Movies: The Power of Babel

3 minute read
Richard Schickel

In Morocco a little peasant boy aims a rifle, newly acquired by his father, at a tourist bus and grievously wounds a woman dozing by one of its windows. In Tokyo an adolescent girl, puzzled and angry over her mother’s suicide (and a deaf-mute as well), bedevils her father and at the same time blatantly asserts her confused but flaming sexual needs. In San Diego a Mexican woman tends two Anglo children she deeply loves while their parents are on holiday, but when her own son needs her, she puts her charges in jeopardy. Unable to find someone to replace her, she takes them along to her son’s wedding with near calamitous results.

Babel is Babel indeed. Director Alejandro González Iñárritu and screenwriter Guillermo Arriaga are essentially up to the same trick they used brilliantly in Amores Perros, less so in 21 Grams–interweaving multiple stories about disparate individuals and eventually revealing their hidden connections. Since the characters are, in the present instance, operating on a global scale, some viewers will find Babel excitingly far-ranging. Others may find it merely far-fetched. Some will see the casting of Cate Blanchett as the wounded tourist and Brad Pitt as her husband as evidence that it aspires to be a major motion picture. Others will note the anonymity of the other players and see it as a lengthy, overambitious art-house entry. Those of us who think González Iñárritu is one of the movies’ larger youngish talents will perhaps be inclined to cut him a good deal of slack.

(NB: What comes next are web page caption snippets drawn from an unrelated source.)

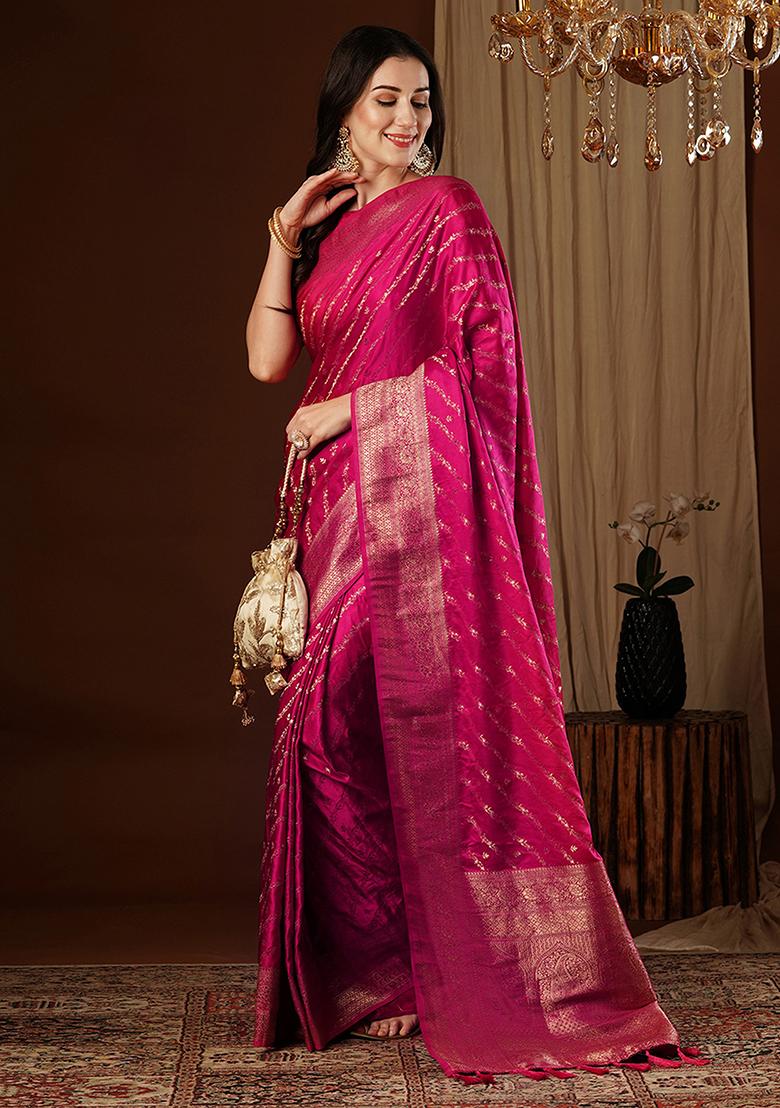 Pink Zari Woven Silk Saree Set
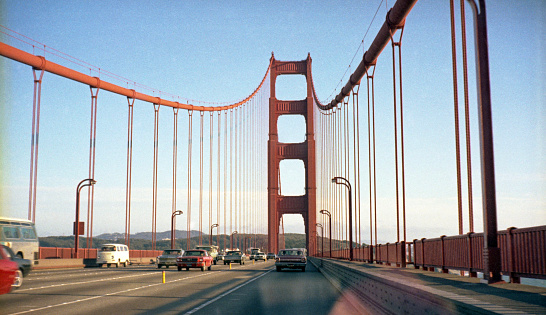 Traffic crossing the Golden Gate Bridge from San Francisco toward Marin County, California in 1972.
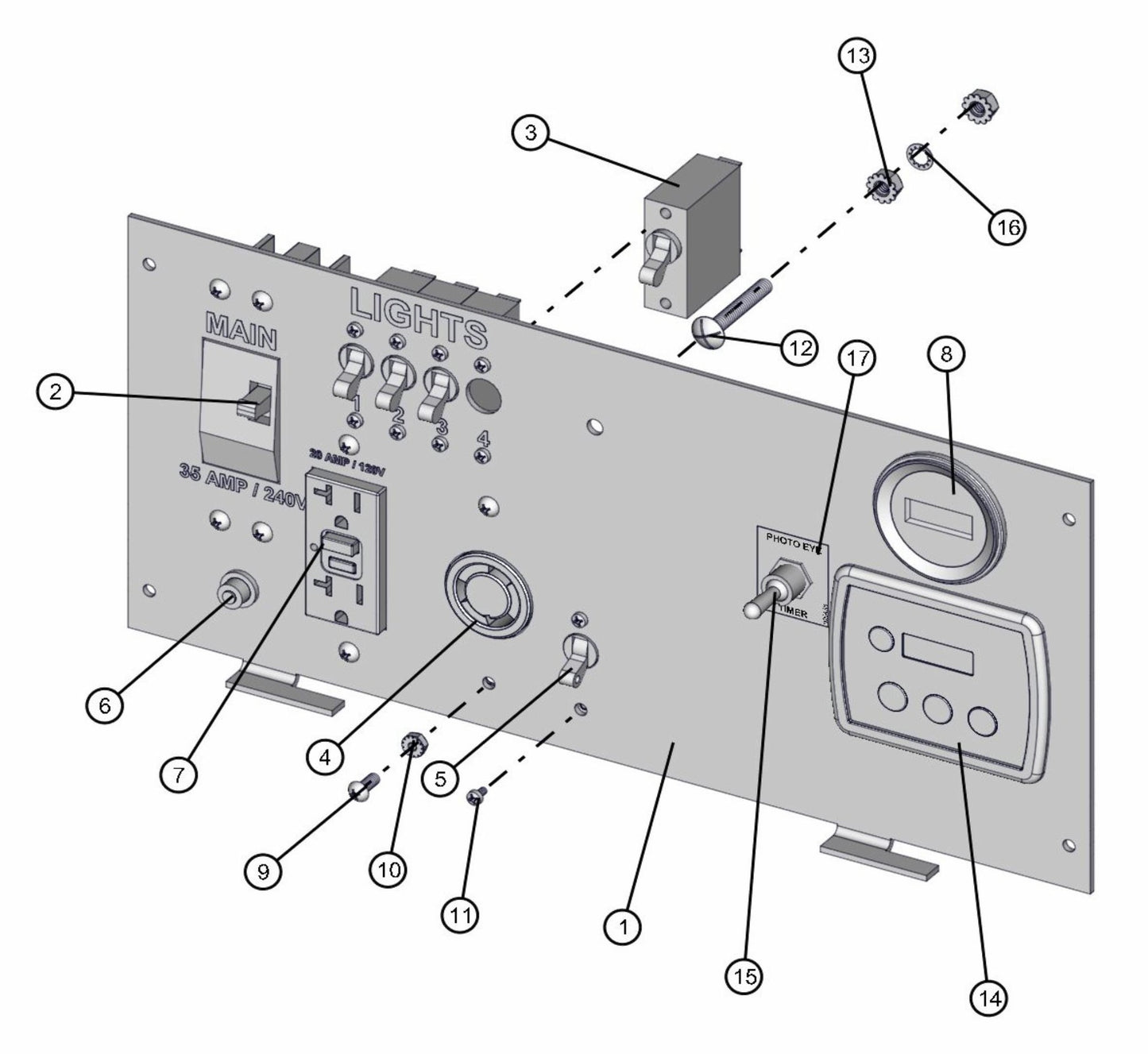 Kubota Deep Sea Control Panel Assembly Parts for FCS Maxi-Lite 15-20KW (0001LV10 to 9999MLV12) by Allmand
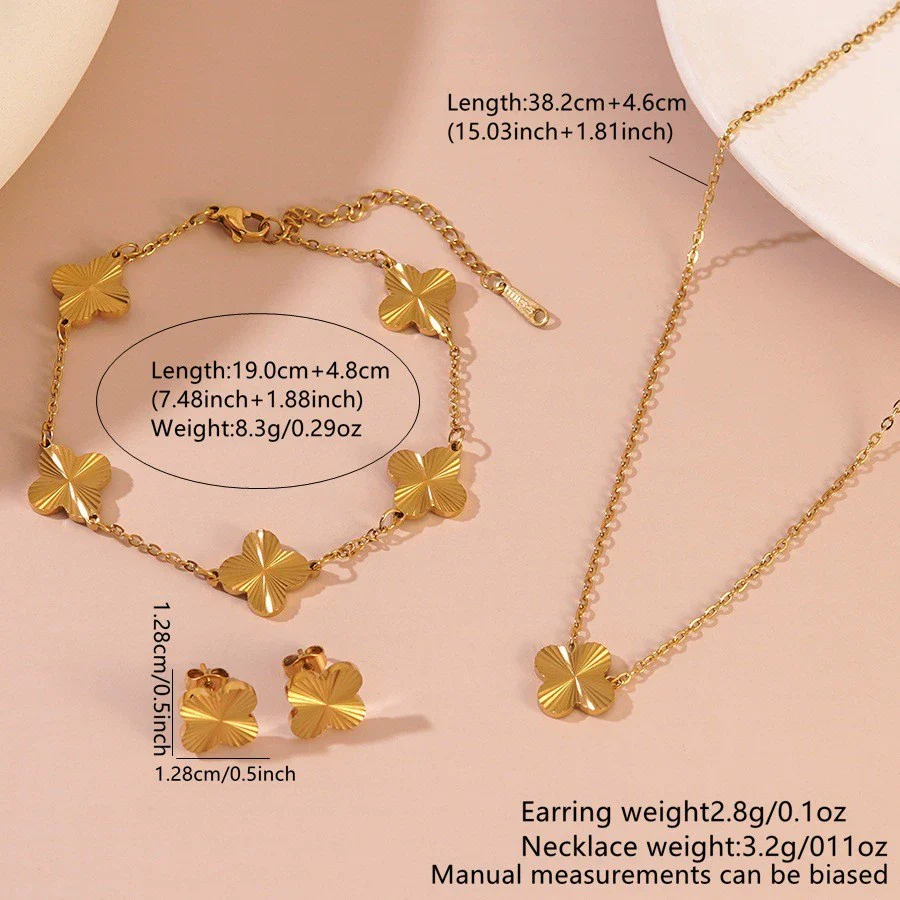 Wholesale Women's Plants And Flowers Four Leaf Clover Stainless Steel Jewelry Set Electroplated O Word Chain Necklace Bracelet Earring - Image 6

It is not important how, or even if, his three intercut stories become linked. Each of them is, in itself, a powerful tale of fairly ordinary people taken gently down innocent-seeming roads only to find themselves, at the end, in desperate and life-threatening circumstances.

The kid with the gun is playful and innocent; he is not trying to cause an international incident. The sex-crazed Japanese girl is a recognizably troubled adolescent, quite unaware of the largely hormonal firestorm raging within her. The Mexican au pair is a kindly and responsible woman, caught in conflict between the needs of her beloved charges and the call of a central event in her family’s life. Her crisis is the more powerful for the way it takes her, unaware of the gathering threat, to the brink of madness and death. It is a measure of González Iñárritu’s humanity that his protagonists are not all victims of their bad decisions. It is a measure of his potent skills as a director that he hammers home his melodrama with relentless ferocity.

The actors–including his two big stars–are all wonderfully real, seemingly as surprised by the depths and dangers of their circumstances and emotions as we are. Babel is a movie that leaves you feeling limp and wrung out, but mysteriously moved by its vivid human encounters with the hot, tightly wired, chancy and coincidental world, ever capable of terrorizing us when we least expect it.